Reviewed by John M. Doris, Washington University in St. Louis, and Santiago Amaya, Universidad de los Andes

2018.08.20


For 50 years or so, virtue ethics has been among the most prominent topics in moral philosophy, and for the past 15 years or so, situationism has been among the most prominent topics in virtue ethics. Situationism is a venerable view in social psychology, maintaining that personal dispositions matter less to behavior and cognition, and situational factors matter more, than one might expect.[1] Some philosophers have transposed situationism into ethics as a "character skepticism," asserting that character traits are too susceptible to the vagaries of circumstance to serve the requirements of virtue ethics, which insists that character traits may be cross situationally consistent, or robust (Alfano, 2013; Doris, 1998, 2002; Harman, 1999, 2009). The psychological evidence, these skeptics insisted, indicates that robust traits of the sort associated with virtue will not be widely instantiated; instead cognition and behavior will vary, often quite sharply, with situational variation -- even "trivial seeming" situational variation.

Although some defenders of virtue ethics have declared the challenge defanged (Annas, 2011, p. 173n8), the debate continues[2] and has now spread to the neighboring field of virtue epistemology. This is unsurprising, given that virtue epistemology is sometimes explicitly cast as deriving from virtue ethics, and often seems to posit the kind of robust traits that have been shown to be empirically problematic. The literature has grown quickly, and we are now most fortunate to have this excellent state of the art anthology, and the first on the topic.

For the most part, the essays do not -- probably wisely -- dispute the empirical observation motivating the challenge to virtue epistemology: cognition (and the acuity of cognition) varies impressively with situational variation. Instead, they consider the implications of this observation, and whether or not it should be thought to undermine virtue epistemology. These contributions can be divided into three groups. There are, first, the skeptical essays of Lauren Olin and Alfano, which develop the situationist challenge to virtue epistemology. Next are the conciliatory pieces of James Montmarquet, Ernest Sosa, Christopher Lepock, John Turri, and J. Adam Carter and Duncan Pritchard, which attempt to defend virtue epistemology while taking the situationist challenge seriously.

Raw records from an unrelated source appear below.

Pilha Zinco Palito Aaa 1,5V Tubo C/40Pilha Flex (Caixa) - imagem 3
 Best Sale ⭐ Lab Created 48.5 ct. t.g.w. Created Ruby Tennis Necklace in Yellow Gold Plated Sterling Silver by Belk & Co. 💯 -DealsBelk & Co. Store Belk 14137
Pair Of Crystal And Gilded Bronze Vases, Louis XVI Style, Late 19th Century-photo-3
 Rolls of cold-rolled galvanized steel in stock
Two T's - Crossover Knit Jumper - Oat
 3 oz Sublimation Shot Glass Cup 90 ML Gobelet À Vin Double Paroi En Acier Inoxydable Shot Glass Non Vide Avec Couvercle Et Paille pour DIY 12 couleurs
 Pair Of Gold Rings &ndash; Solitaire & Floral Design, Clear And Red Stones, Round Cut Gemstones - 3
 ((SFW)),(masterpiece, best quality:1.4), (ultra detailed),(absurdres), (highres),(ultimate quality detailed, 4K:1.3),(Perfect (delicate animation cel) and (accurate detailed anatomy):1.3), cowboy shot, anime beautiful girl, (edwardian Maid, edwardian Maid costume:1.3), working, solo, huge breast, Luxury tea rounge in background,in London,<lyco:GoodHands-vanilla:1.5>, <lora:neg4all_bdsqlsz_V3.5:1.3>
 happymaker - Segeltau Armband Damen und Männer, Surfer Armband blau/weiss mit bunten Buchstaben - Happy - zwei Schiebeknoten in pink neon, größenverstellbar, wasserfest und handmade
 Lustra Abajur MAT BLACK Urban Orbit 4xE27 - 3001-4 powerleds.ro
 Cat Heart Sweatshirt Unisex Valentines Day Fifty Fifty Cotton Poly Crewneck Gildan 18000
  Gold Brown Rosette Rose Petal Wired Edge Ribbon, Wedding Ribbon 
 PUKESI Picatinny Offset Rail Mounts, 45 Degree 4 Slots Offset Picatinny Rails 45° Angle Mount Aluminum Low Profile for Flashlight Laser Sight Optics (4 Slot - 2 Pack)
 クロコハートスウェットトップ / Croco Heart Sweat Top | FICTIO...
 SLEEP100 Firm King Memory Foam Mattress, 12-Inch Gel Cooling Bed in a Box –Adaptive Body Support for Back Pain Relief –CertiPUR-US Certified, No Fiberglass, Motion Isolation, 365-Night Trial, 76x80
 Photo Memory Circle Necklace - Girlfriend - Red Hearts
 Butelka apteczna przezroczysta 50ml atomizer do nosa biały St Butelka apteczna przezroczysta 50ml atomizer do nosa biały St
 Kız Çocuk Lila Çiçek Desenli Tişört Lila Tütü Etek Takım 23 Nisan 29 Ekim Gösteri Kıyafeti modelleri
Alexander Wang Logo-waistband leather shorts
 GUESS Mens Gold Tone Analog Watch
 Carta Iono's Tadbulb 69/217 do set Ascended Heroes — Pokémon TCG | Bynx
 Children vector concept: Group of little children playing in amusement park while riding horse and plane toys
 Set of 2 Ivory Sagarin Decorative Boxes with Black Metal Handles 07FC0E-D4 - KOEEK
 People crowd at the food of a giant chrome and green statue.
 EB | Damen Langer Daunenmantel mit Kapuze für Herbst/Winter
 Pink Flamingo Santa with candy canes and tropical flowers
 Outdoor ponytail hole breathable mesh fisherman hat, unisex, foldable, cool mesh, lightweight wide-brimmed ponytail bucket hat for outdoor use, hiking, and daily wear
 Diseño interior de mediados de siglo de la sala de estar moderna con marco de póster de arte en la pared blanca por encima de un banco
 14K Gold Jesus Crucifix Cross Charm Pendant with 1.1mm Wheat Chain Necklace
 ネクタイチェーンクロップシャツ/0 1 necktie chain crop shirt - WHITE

Lastly, the essays of Berit Brogaard, Kurt Sylvan, Jason Baehr, Heidi Grasswick, and Nicole Smith explore connections between the situationist debate and other discussions and themes in epistemology.

In this review, we have chosen to focus our remarks on some of the essays, rather than summarizing them all. This, of course, reflects where we think we have something to contribute, not our evaluation of the comparative worth of the essays. As is the philosophical habit, where we do comment, some of our remarks will be critical. The reader should not let our choices and remarks obscure the fact that the book as a whole is a very valuable collection, which can be read with benefit by both scholars new to the debate and those working on its cutting edge.

Situationist skepticism about epistemic virtue originates in papers by Alfano (2011) and Olin and Doris (2014), who raised concerns about the empirical adequacy of virtue-based explanations for successful episodes of human cognition. Broadly speaking, the concerns were of two kinds, corresponding to the existing distinction between virtue reliabilism and virtue responsibilism. On the one hand, the skeptics canvassed empirical evidence to the effect that traditional sources of justified belief -- say, perception and memory -- were served by cognitive capacities less reliable than virtue epistemologies would lead one to believe. On the other, they presented evidence casting doubt on the robustness and generality of the value-laden dispositions to which many theorists had appealed in order to account for our intellectual successes -- for instance, conscientiousness and open-mindedness.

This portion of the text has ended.